India have had a crisis in the wicketkeeping area in recent times - Parthiv Patel seemed to be a great find when originally picked, and as his batting began to improve immensely, Indians believed a long term option had been uncovered. This is not the case anymore, Patel had a number of horrendous series with the gloves, coinciding with the emergence of Dinesh Karthik from the under 19 side, and was eventually axed. Karthik has looked a better gloveman, but has yet to show the pluck and grit that marked Parthiv's batting. Another option, MS Dhoni, was tried in the Bangladesh ODIs in 2004, but keeping to India’s spinners is not a job to be taken lightly, and for now, it seems the best choice was made by the selectors.

Irfan Pathan will bear a good deal of the seam bowling load, and since his explosive first full year, where he announced his arrival with a fine performance in the VB series and a huge contribution in Pakistan, he has shown only signs of improvement - most recently running through the hapless Bangladesh lineup in two tests.

This leaves Laxmipathy Balaji and Zaheer Khan. Both have returned from a spell on the sidelines. One feels that Khan has a lot to prove, as he has constantly been hampered with injuries - and with some inconsistency over the last year or so, this series could make or break him. Balaji is the main right hand option in the seam attack. He was devastating with both bat and ball in Pakistan, but it remains to be seen if he will be the same player in this series, especially when coming back after a long injury.

The spin pairing of Anil Kumble and Harbhajan Singh is always influential in home series, and this will be no exception. Kumble, India's leading wicket taker, will be inspired by his own historic performance in Dehli 1999, and more so by his performance in Pakistan 2004, where he was instrumental and topped the wicket tallies. In contrast, Harbhajan has very little test experience against Pakistan. He played in the winning Test in 1999, and the Asian Test championship game. He was 18 years old, and he has remodelled his action since.

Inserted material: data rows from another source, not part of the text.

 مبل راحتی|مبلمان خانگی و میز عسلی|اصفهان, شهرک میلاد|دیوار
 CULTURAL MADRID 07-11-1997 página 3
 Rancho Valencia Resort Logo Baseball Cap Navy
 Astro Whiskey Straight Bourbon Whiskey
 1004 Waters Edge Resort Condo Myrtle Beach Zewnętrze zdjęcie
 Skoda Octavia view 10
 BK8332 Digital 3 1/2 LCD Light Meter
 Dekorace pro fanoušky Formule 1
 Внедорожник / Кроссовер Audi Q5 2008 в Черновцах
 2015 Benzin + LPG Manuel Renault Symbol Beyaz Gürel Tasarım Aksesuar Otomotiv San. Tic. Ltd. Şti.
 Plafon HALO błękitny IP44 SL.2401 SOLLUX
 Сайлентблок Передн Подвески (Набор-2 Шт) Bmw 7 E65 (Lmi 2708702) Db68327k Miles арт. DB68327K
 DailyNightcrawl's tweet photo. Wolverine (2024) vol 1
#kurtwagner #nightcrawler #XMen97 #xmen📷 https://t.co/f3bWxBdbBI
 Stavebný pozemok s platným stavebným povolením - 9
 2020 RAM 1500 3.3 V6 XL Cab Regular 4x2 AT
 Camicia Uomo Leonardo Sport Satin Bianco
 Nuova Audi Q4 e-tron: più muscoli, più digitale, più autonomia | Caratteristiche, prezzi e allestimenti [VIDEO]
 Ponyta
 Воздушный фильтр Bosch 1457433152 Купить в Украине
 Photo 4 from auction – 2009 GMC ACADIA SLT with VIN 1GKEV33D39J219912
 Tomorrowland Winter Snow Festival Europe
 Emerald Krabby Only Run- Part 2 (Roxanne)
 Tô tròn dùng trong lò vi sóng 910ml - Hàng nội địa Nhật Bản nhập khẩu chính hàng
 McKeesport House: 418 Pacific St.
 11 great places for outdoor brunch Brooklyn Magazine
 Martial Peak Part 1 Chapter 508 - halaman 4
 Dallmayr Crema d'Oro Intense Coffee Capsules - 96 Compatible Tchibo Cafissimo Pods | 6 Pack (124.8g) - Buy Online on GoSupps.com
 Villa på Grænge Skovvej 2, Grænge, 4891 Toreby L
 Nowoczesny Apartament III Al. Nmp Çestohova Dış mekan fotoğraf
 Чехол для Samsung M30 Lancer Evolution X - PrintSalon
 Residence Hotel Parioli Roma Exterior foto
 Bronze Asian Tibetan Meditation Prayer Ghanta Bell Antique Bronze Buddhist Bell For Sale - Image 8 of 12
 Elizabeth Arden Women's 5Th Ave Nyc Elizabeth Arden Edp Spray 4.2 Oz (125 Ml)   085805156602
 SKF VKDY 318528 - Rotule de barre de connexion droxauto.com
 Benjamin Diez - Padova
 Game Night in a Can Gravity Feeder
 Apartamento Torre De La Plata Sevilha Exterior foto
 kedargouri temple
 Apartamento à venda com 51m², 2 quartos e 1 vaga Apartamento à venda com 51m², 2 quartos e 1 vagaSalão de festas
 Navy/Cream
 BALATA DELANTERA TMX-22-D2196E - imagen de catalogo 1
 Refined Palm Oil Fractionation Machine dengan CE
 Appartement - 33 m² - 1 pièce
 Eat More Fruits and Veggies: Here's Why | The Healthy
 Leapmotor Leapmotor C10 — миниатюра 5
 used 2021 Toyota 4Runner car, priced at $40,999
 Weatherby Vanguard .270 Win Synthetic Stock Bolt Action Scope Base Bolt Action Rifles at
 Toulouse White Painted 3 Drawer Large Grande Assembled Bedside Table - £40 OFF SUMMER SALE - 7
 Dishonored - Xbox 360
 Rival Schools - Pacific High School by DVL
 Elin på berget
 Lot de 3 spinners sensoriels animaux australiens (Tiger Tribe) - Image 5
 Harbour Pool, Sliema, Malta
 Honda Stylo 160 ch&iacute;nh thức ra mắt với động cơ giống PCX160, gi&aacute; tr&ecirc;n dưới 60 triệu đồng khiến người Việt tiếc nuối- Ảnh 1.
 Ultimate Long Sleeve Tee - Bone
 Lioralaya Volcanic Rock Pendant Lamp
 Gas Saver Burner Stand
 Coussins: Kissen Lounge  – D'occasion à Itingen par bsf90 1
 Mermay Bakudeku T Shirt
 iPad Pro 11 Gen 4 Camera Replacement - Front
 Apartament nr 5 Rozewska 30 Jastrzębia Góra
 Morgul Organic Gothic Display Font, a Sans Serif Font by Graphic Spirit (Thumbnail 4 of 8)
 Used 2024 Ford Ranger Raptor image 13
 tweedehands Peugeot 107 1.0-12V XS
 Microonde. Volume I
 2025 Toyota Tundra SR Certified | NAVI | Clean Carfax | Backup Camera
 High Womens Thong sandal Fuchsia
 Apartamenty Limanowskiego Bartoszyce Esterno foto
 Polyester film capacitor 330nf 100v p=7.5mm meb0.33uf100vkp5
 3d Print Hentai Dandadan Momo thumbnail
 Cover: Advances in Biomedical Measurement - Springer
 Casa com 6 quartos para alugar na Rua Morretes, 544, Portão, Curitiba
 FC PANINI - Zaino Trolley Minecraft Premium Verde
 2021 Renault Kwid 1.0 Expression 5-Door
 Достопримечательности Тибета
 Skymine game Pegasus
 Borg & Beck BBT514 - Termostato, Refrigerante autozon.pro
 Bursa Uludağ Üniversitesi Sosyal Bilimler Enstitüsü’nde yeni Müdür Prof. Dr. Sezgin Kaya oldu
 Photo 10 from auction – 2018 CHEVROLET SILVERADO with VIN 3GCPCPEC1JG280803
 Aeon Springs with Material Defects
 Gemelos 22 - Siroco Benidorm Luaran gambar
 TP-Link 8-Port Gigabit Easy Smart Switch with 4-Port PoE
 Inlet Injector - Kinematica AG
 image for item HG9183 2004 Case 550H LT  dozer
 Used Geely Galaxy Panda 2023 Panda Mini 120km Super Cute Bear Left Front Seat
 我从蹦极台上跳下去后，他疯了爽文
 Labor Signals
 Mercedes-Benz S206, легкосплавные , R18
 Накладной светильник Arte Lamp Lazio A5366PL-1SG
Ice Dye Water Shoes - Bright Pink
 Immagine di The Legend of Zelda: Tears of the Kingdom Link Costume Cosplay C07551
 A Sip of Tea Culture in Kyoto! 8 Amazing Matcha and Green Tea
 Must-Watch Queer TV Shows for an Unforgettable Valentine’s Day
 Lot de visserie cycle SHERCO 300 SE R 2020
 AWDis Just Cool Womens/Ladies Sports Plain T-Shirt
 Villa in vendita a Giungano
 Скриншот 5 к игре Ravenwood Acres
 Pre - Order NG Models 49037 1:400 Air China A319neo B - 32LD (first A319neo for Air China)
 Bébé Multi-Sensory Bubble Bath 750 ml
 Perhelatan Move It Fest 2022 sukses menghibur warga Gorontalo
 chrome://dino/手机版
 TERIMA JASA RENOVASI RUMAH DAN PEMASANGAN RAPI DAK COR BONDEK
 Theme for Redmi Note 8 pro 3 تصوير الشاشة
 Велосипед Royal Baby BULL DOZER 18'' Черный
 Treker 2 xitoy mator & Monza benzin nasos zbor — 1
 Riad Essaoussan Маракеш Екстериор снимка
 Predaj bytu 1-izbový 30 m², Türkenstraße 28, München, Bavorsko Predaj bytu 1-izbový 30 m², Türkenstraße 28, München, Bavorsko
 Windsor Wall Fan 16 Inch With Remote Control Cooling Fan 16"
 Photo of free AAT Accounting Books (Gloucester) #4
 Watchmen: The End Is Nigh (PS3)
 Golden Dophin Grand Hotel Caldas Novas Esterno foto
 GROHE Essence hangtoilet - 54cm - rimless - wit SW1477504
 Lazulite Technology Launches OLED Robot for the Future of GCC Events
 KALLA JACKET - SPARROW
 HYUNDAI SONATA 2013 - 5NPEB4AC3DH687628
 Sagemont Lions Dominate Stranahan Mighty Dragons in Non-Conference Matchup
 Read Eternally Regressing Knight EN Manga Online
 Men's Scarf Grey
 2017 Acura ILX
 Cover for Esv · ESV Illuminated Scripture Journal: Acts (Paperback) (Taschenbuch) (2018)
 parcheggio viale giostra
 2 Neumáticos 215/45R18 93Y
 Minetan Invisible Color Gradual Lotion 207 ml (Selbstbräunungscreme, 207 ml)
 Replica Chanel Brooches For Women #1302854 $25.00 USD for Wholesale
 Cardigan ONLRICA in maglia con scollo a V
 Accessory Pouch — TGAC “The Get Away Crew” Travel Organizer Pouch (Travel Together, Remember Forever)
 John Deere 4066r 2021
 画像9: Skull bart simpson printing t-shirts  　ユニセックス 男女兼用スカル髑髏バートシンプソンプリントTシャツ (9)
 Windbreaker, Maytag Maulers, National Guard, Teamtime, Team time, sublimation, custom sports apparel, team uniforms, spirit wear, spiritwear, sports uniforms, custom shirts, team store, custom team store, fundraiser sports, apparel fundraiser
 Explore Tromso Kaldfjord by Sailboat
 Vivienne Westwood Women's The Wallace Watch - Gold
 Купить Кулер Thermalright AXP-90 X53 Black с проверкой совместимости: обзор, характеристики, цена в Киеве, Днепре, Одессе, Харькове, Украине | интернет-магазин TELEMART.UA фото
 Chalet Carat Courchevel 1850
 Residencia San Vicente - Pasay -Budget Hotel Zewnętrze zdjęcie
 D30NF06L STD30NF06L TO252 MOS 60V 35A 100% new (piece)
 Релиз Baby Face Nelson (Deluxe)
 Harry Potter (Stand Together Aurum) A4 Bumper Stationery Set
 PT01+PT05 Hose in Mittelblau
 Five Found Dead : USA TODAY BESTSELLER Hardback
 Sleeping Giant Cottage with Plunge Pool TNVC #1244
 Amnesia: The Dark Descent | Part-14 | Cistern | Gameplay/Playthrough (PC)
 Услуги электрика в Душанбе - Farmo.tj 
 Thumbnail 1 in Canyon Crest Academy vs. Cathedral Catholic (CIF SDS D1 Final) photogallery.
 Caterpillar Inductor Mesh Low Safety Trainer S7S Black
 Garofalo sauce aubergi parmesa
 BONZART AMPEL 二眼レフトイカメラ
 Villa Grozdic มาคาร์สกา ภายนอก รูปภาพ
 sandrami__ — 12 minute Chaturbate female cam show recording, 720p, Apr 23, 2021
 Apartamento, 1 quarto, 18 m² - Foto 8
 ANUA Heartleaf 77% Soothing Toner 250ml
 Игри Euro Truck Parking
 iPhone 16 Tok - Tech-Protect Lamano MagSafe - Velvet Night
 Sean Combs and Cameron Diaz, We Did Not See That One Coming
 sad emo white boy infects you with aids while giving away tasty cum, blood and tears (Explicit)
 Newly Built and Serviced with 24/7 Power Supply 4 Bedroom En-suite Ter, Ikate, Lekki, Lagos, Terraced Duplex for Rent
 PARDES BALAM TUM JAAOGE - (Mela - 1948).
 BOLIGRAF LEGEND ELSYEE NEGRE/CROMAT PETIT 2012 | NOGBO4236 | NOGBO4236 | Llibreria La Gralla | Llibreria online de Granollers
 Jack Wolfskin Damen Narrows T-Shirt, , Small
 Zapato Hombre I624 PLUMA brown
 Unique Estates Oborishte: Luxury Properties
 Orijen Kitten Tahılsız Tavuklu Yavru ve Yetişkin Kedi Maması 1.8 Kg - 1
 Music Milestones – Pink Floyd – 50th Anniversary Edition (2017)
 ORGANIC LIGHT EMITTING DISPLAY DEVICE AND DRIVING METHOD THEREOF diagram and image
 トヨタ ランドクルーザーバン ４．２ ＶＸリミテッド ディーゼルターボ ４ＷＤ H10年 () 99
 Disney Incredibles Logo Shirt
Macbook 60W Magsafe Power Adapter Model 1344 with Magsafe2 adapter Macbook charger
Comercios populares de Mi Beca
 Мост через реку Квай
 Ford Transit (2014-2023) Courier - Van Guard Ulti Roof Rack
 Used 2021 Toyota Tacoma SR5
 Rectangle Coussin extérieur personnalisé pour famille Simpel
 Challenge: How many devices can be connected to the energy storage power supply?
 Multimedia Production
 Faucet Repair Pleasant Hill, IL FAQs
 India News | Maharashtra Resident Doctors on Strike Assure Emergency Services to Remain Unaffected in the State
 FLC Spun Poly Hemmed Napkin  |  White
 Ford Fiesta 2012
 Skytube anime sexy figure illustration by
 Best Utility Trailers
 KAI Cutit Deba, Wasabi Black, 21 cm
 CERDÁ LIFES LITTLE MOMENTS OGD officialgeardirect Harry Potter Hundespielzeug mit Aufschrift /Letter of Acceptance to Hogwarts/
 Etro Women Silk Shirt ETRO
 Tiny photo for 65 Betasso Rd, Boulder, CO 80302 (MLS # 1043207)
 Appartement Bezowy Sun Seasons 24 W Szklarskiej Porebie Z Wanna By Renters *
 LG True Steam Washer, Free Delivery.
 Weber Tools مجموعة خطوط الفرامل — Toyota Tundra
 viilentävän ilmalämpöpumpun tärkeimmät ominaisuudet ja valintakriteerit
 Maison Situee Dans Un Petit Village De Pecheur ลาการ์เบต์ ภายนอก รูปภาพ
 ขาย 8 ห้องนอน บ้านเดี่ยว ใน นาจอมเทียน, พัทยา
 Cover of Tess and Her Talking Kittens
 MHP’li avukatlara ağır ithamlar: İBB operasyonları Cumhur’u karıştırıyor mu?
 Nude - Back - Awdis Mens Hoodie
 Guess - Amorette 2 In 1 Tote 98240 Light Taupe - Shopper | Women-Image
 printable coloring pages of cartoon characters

He returned a different player (as Australians will testify), but has recently suffered the setback of being reported for a suspect action. It is highly likely that he will not be in trouble, and will be able to play his usual game, which will spell danger for the Pakistanis, especially as they will not have faced him in tandem with Kumble.

Whatever the outcome, one thing is for sure: This is India against Pakistan, a series that will hold an incredible amount of interest around the world. The cricket will be breathtaking, and new heroes will be born, along with some villains. It will certainly be the series of 2005.